Every now and then I like to get a whacking great thonk (totally a word) of meat and cook it ‘Peckham style’ which means slow cooking it in stock turbo-charged with export strength Guinness (have you ever got drunk on that stuff? Like drinking psychoactive treacle then waking up the next day with no memories but an overwhelming sense of creeping doom), scotch bonnet chillies, allspice, and some other bits and bobs of Rye Lane origin. The result of this is a sweet and sticky sauce, meat which just gives up saying “damn, this is some tasty liquor, you deserve the imminent breakdown of all my connective tissues” and a really pleasing rumble of bonnet spice (just pierce them for the love of Del Boy, don’t chop them up or you’ll have a literal shit storm on your hands).

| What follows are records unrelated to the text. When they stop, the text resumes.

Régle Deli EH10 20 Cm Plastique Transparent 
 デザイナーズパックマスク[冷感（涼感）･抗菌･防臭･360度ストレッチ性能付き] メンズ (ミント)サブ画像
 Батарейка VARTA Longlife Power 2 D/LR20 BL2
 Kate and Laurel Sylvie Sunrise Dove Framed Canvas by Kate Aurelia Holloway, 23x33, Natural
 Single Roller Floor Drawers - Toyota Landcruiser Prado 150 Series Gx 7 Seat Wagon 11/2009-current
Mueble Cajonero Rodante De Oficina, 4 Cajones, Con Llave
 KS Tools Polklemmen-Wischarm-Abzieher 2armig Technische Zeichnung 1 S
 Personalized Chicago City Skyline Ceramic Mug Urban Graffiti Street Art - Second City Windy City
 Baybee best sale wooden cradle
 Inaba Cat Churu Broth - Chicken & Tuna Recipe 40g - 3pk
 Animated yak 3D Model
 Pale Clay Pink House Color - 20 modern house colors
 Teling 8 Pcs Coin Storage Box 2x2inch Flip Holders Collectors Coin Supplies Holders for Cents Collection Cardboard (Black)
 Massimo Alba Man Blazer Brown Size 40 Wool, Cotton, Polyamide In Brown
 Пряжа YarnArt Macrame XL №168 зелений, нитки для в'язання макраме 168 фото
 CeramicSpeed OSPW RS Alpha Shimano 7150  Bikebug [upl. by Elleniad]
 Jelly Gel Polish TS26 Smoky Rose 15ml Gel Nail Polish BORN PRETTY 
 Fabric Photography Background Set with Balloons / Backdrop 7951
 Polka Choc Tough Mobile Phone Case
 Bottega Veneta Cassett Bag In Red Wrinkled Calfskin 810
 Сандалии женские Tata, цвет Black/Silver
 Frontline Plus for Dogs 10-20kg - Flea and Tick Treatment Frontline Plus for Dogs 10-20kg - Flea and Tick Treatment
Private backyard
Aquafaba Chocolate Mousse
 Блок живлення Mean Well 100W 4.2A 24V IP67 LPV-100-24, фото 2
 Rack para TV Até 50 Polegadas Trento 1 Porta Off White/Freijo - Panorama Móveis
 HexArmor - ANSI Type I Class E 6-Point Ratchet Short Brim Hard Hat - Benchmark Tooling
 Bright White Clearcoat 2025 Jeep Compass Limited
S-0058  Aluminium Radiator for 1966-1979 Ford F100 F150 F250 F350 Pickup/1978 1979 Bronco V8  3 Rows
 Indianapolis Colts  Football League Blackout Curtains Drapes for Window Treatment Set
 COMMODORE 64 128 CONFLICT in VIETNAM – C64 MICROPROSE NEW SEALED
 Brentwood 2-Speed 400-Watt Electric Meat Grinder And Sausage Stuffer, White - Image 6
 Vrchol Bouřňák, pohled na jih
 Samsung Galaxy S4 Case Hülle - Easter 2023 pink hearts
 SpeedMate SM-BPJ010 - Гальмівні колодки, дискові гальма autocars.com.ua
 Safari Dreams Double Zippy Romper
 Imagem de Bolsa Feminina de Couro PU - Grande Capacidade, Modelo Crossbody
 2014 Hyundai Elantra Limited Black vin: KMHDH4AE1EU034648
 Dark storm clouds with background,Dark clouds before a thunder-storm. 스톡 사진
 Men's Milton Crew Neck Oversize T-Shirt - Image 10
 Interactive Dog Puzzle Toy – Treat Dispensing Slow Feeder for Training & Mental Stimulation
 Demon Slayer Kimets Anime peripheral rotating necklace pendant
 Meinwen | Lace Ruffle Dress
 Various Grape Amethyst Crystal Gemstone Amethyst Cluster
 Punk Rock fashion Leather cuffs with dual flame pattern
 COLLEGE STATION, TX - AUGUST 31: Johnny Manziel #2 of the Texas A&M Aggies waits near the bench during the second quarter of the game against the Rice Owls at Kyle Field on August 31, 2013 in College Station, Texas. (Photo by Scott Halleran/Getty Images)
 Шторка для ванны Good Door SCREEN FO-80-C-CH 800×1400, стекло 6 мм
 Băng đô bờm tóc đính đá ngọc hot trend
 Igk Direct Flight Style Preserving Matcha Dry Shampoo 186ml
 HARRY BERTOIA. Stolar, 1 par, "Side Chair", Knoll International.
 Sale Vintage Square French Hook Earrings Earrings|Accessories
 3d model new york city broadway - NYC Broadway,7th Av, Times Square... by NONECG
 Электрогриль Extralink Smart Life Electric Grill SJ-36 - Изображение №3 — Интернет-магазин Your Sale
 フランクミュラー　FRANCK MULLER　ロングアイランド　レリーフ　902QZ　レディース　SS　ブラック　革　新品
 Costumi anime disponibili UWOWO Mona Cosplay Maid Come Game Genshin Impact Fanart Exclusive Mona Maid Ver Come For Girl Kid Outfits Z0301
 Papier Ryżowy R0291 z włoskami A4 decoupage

Dumplings are a must in this weather, so we made some with thyme. Well, I say ‘we’ but the truth is that I basically dictated this recipe from my sick bed, because I am being quite rightfully punished for all the fun I have had in the past six weeks. Seems fair. We had a pickled cabbage salad sort of thing on the side – a recipe which I doctored from this original on Smitten Kitchen – the changes are listed below. It’s a perfect accompaniment if you’re cooking this kind of full on big balls braise. Oh and there was some cavolo nero, because that’s always nice, isn’t it.
- Short Ribs, Peckham Style (with thyme dumplings and pickled cabbage) (serves 6, or maybe 4)
- 1kg beef short ribs (I kept all mine in one piece)
- 2 litres chicken stock (I used home made and yes it does make a difference)
- 2 bottles export strength Guinness (660ml)
- 2 red onions, sliced chunkily
- 6 cloves garlic, peeled and left whole
- 1.5 inch ginger, peeled and thickly sliced
- 2 sticks celery, sliced
- 6 allspice berries
- 1 cinnamon stick
- 2 scotch bonnet chillies, pierced but left whole
- 3 tablespoons Muscovado sugar
- 2 bay leaves
- Flour, for dusting the ribs
- Preheat the oven to 160C
- Cover a plate with flour, season it with salt and pepper, and put the ribs on it until they’re all coated. Heat a big, oven-proof, lidded casserole pan (large enough to fit the ribs and all the liquid – sounds obvious but we’ve all done it), then add some oil (veg, groundnut, not olive) and brown the ribs. Set them aside.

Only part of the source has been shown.